We know that House Republicans are in denial about the human cost of immigration enforcement and massive deportations. That’s why they’d rather kick immigrant families out of their offices than face up to the true consequences of enforcement-only policies. This week, two new developments make it clear that the denial runs deep: Congress isn’t even willing to acknowledge the financial cost that enforcement is imposing right now on state and local governments, and the SAFE To Harass Act would (unsurprisingly) just make the problem worse.
Immigration enforcement always ends up being more costly to state and local governments than they ever imagine. Alabama’s law HB 56 cost an estimated $11 billion to the state’s economy. Arizona spent $1.5 million just to defend SB 1070 against court challenges—and that’s before the case went to the Supreme Court (where much of the law was struck down).
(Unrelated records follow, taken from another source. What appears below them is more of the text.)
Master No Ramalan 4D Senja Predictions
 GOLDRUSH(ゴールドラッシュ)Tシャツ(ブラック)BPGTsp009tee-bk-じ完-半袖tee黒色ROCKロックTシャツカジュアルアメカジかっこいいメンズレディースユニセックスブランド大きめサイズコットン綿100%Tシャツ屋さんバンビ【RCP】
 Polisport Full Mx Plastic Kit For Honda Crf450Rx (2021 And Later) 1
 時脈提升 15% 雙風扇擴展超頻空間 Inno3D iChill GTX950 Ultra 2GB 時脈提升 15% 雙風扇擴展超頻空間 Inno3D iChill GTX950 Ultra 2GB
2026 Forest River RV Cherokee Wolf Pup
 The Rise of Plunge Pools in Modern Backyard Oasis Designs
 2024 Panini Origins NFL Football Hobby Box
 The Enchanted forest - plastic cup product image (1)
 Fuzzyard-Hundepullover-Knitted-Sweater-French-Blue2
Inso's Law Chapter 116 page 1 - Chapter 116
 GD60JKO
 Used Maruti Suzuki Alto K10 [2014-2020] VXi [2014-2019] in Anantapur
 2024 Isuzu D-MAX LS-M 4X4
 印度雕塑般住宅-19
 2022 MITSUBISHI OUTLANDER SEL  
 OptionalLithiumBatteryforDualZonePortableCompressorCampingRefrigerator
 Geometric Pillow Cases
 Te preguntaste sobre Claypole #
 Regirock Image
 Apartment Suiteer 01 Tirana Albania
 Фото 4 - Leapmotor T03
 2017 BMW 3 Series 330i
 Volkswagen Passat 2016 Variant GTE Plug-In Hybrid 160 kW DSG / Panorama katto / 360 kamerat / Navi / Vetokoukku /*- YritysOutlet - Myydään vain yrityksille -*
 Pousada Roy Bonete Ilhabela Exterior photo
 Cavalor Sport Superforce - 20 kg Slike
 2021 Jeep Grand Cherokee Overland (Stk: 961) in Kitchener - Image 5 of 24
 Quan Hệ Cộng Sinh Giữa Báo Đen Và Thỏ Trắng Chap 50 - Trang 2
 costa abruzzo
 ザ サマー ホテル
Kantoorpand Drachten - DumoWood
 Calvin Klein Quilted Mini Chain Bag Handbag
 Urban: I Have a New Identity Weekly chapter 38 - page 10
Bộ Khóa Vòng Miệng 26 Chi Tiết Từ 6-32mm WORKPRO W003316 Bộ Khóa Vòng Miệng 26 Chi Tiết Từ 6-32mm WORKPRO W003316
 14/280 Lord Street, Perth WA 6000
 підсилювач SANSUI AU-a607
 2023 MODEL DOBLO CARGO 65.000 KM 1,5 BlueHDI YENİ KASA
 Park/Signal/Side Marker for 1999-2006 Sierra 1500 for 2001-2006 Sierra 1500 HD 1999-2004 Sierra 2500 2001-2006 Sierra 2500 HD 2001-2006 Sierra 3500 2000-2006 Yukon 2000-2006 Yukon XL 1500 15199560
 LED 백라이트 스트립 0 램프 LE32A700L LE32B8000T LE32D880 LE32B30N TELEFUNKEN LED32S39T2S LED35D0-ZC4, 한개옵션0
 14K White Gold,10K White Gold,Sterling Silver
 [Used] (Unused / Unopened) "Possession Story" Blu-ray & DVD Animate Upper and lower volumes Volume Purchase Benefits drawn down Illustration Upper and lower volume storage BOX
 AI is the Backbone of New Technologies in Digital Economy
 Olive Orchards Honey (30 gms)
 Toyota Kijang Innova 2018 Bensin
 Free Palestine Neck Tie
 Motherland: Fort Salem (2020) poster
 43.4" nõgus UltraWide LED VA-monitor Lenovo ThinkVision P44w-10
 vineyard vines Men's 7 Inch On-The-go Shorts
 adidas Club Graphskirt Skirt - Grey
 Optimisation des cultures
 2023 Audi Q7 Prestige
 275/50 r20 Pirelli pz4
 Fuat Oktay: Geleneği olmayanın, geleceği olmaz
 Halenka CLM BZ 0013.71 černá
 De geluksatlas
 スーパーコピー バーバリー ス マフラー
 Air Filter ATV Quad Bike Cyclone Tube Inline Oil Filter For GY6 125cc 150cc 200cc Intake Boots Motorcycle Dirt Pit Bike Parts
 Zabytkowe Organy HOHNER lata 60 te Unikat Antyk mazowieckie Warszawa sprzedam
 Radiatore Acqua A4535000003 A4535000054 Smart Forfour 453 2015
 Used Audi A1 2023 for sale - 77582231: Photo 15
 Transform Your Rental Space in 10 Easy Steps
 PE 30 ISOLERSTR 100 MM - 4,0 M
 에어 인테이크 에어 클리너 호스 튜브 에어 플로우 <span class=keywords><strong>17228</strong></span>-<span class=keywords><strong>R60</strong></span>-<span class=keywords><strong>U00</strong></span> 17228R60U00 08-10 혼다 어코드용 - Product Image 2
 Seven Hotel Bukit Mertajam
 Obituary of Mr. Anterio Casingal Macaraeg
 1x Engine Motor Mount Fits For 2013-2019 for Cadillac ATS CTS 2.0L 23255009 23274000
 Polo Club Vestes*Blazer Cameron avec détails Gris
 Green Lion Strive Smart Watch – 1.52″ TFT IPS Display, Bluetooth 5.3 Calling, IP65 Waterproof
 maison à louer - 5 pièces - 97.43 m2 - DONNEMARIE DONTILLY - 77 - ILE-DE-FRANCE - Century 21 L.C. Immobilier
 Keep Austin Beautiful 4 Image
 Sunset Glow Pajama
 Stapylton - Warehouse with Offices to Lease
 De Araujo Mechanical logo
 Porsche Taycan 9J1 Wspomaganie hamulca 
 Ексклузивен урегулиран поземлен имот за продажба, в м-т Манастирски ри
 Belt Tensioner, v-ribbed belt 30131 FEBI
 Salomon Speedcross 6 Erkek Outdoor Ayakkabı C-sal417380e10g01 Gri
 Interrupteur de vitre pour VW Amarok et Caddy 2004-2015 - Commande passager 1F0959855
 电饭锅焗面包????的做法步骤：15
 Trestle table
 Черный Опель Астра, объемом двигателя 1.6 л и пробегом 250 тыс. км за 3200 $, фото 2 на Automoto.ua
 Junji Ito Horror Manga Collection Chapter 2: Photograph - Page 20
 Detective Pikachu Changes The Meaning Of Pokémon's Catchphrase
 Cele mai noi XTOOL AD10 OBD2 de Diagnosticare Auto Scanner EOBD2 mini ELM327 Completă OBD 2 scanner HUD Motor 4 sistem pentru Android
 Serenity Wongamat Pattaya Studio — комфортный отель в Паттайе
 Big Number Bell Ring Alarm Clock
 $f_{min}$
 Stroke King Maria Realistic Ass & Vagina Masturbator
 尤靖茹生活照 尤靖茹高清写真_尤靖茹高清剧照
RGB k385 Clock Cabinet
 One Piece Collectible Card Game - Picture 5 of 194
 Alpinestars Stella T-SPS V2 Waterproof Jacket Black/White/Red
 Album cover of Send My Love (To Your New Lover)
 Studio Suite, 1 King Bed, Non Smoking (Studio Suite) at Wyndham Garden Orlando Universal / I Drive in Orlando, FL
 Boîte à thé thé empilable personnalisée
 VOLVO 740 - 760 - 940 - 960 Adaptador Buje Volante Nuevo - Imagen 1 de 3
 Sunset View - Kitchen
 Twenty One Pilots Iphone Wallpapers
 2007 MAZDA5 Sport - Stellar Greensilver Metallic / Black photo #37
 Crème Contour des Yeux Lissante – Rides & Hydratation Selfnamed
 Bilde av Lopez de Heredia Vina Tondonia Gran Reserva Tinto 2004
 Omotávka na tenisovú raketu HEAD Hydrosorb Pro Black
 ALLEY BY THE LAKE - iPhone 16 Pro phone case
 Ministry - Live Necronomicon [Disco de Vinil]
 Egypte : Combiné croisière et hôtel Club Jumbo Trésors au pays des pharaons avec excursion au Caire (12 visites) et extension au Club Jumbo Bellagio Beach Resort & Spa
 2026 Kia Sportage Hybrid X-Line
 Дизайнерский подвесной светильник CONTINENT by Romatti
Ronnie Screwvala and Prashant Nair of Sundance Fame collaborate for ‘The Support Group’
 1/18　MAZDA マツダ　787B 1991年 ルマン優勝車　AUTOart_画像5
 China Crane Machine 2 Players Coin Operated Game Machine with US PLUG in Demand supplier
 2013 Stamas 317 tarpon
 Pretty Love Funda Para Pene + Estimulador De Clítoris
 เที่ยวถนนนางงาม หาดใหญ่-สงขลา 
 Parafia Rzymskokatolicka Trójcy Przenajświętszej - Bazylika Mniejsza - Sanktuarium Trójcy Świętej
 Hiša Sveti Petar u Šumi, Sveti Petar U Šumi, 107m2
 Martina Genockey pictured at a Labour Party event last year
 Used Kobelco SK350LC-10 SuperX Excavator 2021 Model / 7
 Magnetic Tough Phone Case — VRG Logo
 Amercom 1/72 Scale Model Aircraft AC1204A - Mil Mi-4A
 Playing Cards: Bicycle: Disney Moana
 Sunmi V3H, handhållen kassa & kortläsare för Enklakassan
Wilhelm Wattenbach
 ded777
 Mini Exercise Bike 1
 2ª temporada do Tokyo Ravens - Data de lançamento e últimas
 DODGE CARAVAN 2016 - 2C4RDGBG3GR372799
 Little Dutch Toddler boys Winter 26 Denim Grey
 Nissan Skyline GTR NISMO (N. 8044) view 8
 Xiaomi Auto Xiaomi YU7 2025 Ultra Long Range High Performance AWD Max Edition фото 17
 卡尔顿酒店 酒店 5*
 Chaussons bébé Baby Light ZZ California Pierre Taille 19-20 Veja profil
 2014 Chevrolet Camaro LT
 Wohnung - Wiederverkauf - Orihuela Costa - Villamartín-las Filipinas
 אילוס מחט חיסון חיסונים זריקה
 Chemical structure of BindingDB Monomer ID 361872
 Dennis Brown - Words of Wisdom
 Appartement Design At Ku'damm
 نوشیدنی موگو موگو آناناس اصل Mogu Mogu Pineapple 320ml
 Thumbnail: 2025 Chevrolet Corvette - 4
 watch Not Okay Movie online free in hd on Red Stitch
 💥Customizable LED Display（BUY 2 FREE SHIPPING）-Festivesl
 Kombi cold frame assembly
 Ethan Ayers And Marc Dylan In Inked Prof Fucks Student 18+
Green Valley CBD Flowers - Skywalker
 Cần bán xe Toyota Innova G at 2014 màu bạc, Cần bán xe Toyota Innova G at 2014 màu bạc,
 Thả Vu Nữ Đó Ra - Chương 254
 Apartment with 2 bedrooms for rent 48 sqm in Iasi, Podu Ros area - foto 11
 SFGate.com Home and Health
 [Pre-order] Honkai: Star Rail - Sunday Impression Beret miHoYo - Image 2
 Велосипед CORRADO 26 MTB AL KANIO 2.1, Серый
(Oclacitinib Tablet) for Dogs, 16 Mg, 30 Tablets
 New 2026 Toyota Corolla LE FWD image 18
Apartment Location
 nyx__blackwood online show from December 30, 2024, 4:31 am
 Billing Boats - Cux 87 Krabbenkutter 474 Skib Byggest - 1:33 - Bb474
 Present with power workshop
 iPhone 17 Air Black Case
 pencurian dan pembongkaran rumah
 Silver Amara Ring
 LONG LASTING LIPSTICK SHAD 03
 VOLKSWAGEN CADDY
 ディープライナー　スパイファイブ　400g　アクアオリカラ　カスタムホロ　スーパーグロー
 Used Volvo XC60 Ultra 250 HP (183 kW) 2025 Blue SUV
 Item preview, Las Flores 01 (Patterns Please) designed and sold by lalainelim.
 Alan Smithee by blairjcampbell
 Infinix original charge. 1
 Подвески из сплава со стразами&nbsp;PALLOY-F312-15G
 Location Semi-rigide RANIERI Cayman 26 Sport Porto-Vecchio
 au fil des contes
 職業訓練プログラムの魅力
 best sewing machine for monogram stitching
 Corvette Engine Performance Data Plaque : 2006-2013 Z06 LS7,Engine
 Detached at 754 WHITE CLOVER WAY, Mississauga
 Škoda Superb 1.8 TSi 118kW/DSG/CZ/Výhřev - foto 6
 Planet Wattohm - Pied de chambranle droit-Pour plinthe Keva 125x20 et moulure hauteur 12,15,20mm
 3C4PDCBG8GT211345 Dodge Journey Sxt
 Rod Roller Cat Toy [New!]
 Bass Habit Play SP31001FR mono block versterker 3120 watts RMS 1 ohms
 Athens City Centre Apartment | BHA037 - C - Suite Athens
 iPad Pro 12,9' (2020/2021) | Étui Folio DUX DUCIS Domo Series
But it’s hard to feel too bad for states and cities that pass anti-immigrant laws, only to realize they don’t work as intended (unless the intention is to line Kris Kobach’s pockets).
It’s another thing entirely when a state or city is bearing the cost of a federal enforcement mandate that the local government doesn’t necessarily support. That’s why Miami-Dade County decided this week to stop paying to hold undocumented immigrants in jail after they’re supposed to be released so that they can be picked up by ICE agents. The practice of ICE asking local cops to keep an immigrant in jail for an extra 48 hours so that ICE can take them into custody (and probably deport them), known as an immigration “detainer,” has come under fire around the country this year—it’s a cheap way for ICE to put out a dragnet to round up immigrants with traffic offenses and force local governments to foot the bill. Miami-Dade, for example, has “sent the federal government invoices for hundreds of thousands of dollars in expenses a year”—but “has been paid far less than other, smaller Florida counties” in return. And it’s not alone: in the past fiscal year, the money state and local governments requested in federal SCAAP grants (one of the ways the federal government reimburses them for enforcement) was six times the amount of money Congress appropriated.
Now, Miami-Dade County is the latest to tell the government that it will no longer pay for the privilege of helping ICE tear families apart. As County Commissioner Sally Heyman said, “Not only is it about saving money. It’s about saving people.”
So what’s House Republicans’ solution to the problem of not paying local police departments enough to enforce the policies they already have on the books? Force them to do even more, obviously. That’s the lesson of the SAFE To Harass Act—the first immigration bill the House Judiciary Committee passed this year. The Congressional Budget Office (last seen pointing out that the Senate’s immigration bill would save $1 trillion over 20 years) released its“score” of the SAFE Act this week, and found—duh—that it would cost the federal government $22.9 billion over 5 years. (Apparently Bob Goodlatte and company were too scared of the costs to ask the CBO to score a 10- or 20-year window, like their Senate counterparts insisted on for S744.) That’s because the CBO assumes that the federal government would go from giving state and local governments one-sixth of the money they spend detaining only immigrants who have been convicted of crimes, like they do now, to giving them all the money they need to detain any immigrant who’s been chargedwith a crime—i.e. any immigrant who’s been pulled over by some wannabe Arpaio for having a broken taillight and gotten charged with driving without a license. So the $4.6 billion annual cost of the SAFE to Harass Act won’t just fall on the Congress that passes it—much of it will fall on state and local governments like Miami-Dade County.
It would be great if the CBO score, or the SCAAP gap, or Miami-Dade’s new detainer policy forced Bob Goodlatte and House Republicans to confront the reality of the immigration policies they’re pushing. The damage done by the SAFE to Harass Act, to budgets and communities, just isn’t worth it. But if Goodlatte and company won’t even acknowledge the cost in dollars, how will they ever acknowledge the cost of human lives?